When staff supported people to take their medicines, this was managed safely by trained staff who understood their responsibilities. The service and staff understood their responsibilities under the Mental Capacity Act 2005 and people had given their consent to the care provided.

Staff told us they had completed training and was encouraged by the service to continue to learn, by completing further qualifications in Health and Social care.

Staff told us they had supervision meetings with the registered manager. We inspected staff records and found these were not always recorded. We have recommended meetings should be consistently recorded in the future.

Everybody told us they had positive relationships with their care workers and were supported by staff that showed patience when supporting people. People told us they were treated with kindness and said their privacy and dignity was respected.

People had an individual care plan which set out their individual care needs.

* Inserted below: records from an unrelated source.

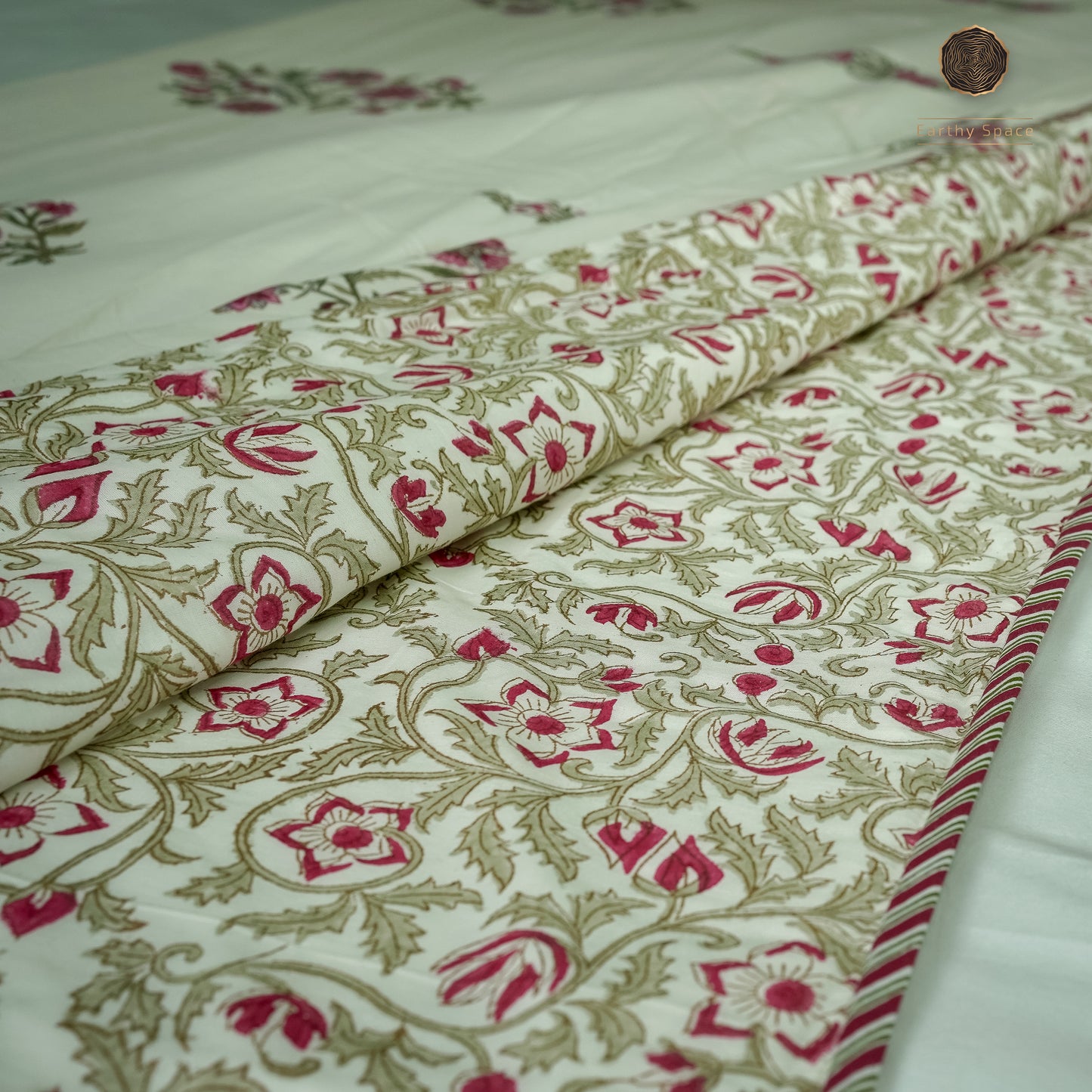 Mogra Red Hand Block Printed Reversible Dohar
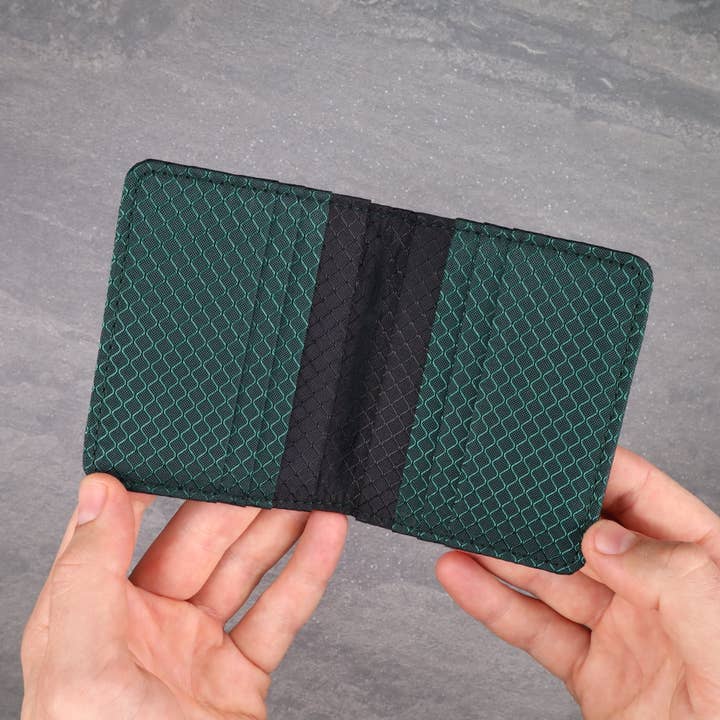 Carteira Vertical Bifold Tecido Ripstop Verde, Billfold Vegan por atacado de HOLD SUPPLY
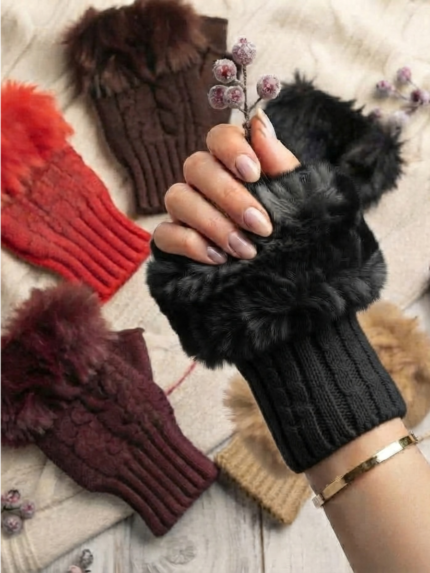 Fingerless Fur Gloves for Women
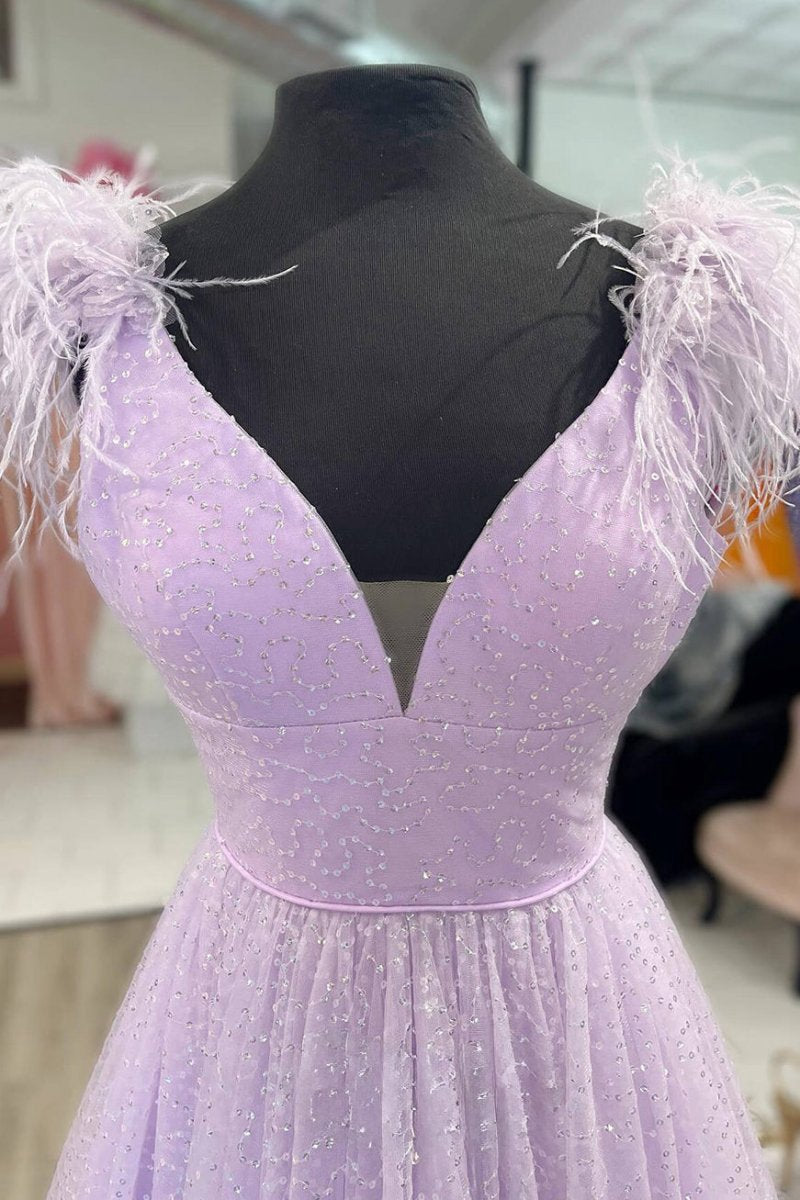 A-line V Neck Sequined Tulle Prom Dresses with Slit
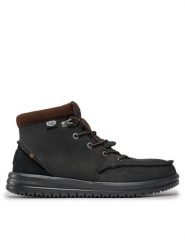 Hey Dude Trzewiki Bradley Boot Leather 40189-001 Czarny. Czarne botki sznurowane Hey dude, bez wzorów, z nubiku, bez obcasa, bez zapięcia. Za 469.99 zł.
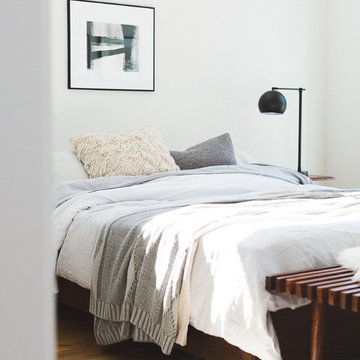 Midcentury Modern Tonal Bedroom with Gumball Lamp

Assessments included needs for mobility aids, specialist diets, medication, allergies, and information relating to health needs.

People told us they were made aware of how to make a complaint and there was a complaints policy and procedure in place. The service worked well with other agencies and professionals to make sure people received the care they needed.

A notification is information about important events the service is required to send to us by law. We found when a safeguarding incident had occurred the service had not notified us of this event.

A new registered manager was recruited and started in post three weeks before the inspection took place. Staff told us they were approachable and supportive.

We inspected the way the service audited the service and found they had a system to assure the quality of the service provided. A service development plan was provided which showed how the service planned to improve the service over the next six months.

Inspection areas



Updated 5 November 2016

The service was safe.

People told us they felt safe and staff knew how to identify and raise concerns.

Staff understood how to protect people from harm and abuse.

Staffing levels were sufficient with an appropriate skill mix to meet the needs of people using the service.



Updated 5 November 2016

The service was effective.

People were supported by staff that had the training and knowledge to support them effectively.

Staff received regular support from the registered manager.

Staff had been trained in the Mental Act 2005 and DoL’s and understood its principles.



Updated 5 November 2016

The service was caring.

People and their family members told us staff treated them in a kind and respectful way.

People were involved in making decisions about their care and their families were appropriately involved.

Staff respected and took account of people’s individual needs and preferences.



Updated 5 November 2016

The service was responsive.

Care plans were detailed and provided guidance for staff to meet people’s individual needs.

There was an effective complaints policy and procedure in place, which enabled people to raise complaints.

People knew how to raise concerns but complaints were not always recorded in the way the company wanted them to be.


Requires improvement

Updated 5 November 2016

The service was not always well led.

Statutory notifications had not always been submitted to the commission.

There was an open culture at the service. The management team were approachable and a visible presence in the service.

The manager looked at ways they could improve the service it offered.

There were processes in place to monitor the quality of the service and understand people’s experience of what it was like to use the service.